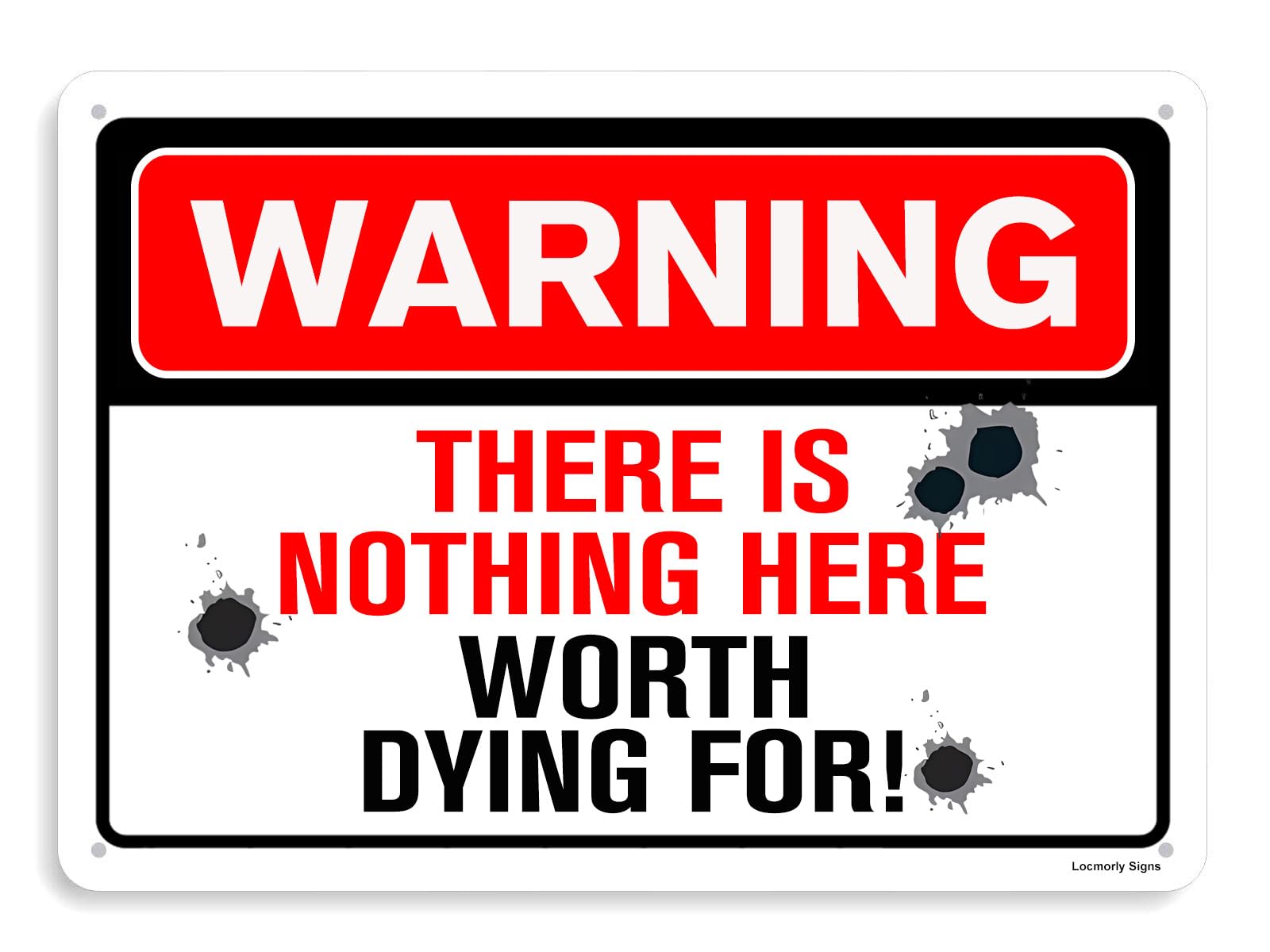 Warning Nothing Here Worth Dying for Sign, 8x12 Inch, Funny No Trespassing Aluminum Sign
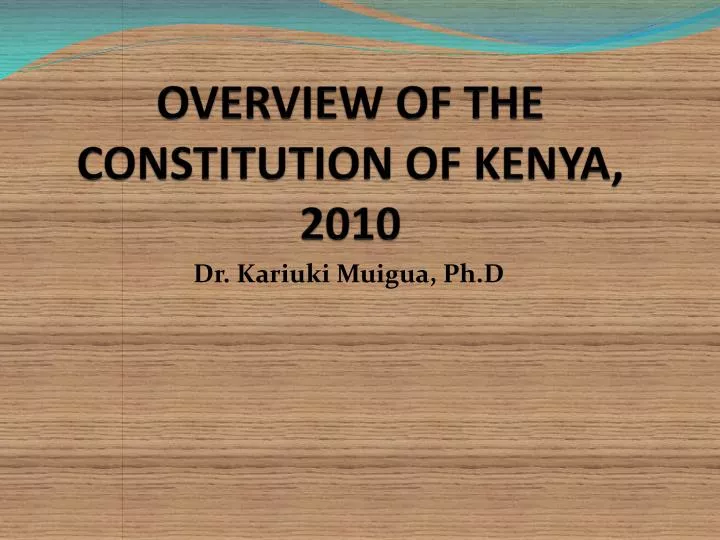 overview of the constitution of kenya 2010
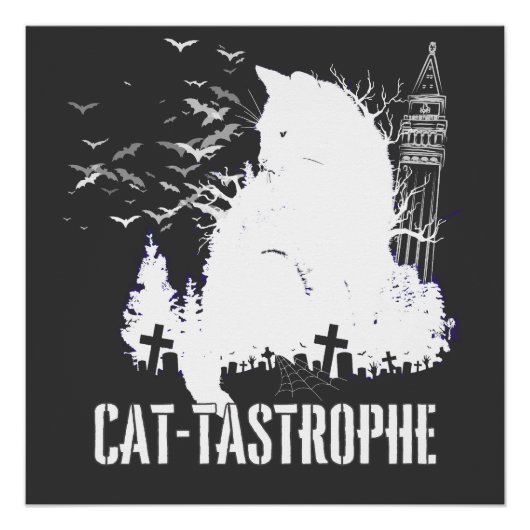 Cat-tastrophe - Een Gotische Tale.b Perfect Poster (Voorkant)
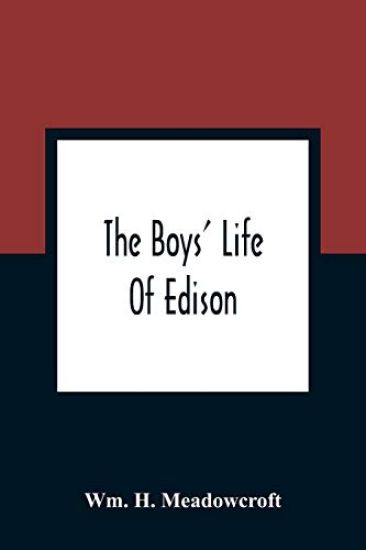 The Boys' Life Of Edison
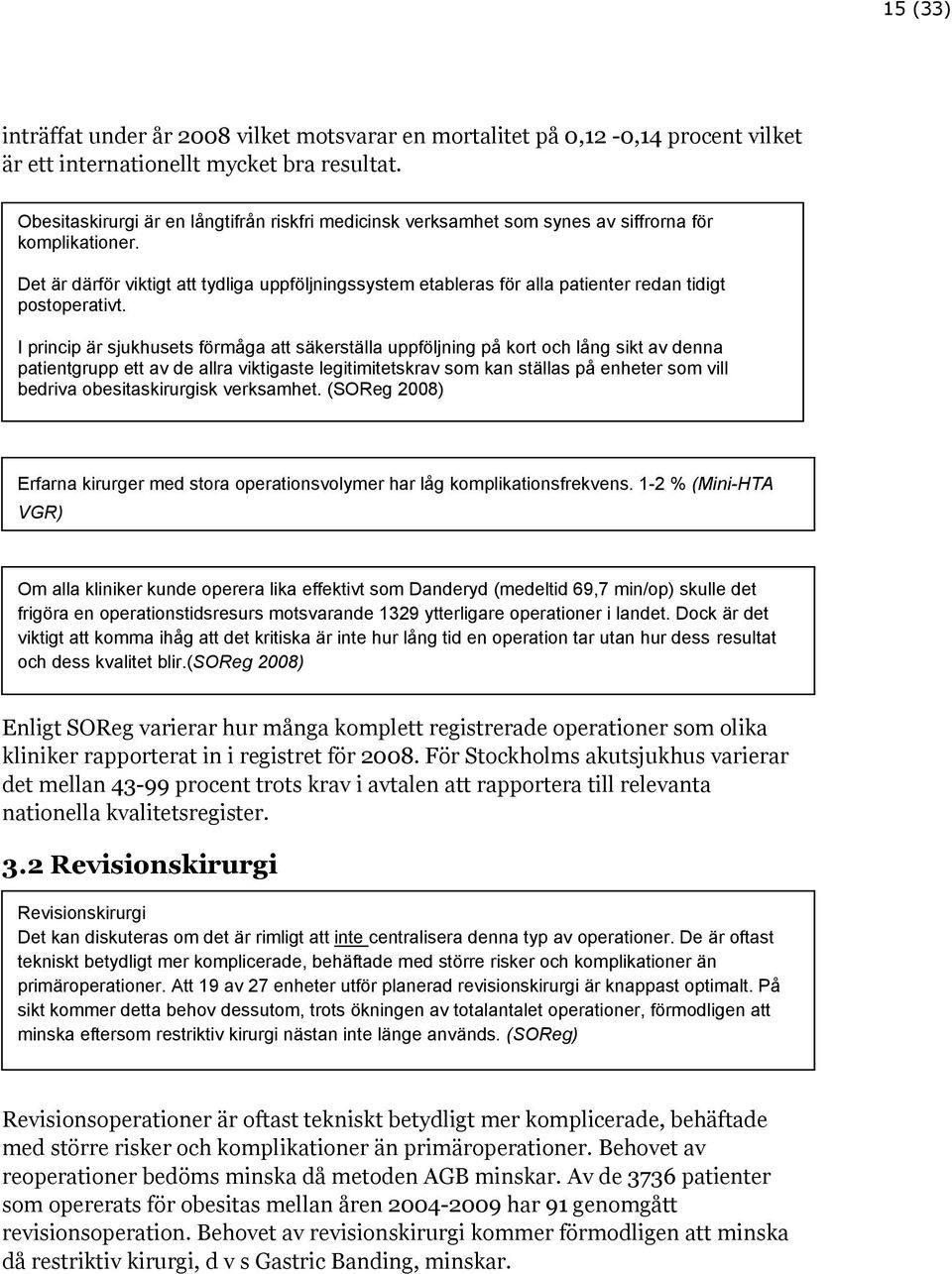 Det är därför viktigt att tydliga uppföljningssystem etableras för alla patienter redan tidigt postoperativt.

-- -- --

PROMPT: Keep pictures out and return the lines from the one containing "The Boys' Life Of Edison" through the end of the listing, both included, character for character.

RESULT:
 The Boys' Life Of Edison
 Det är därför viktigt att tydliga uppföljningssystem etableras för alla patienter redan tidigt postoperativt.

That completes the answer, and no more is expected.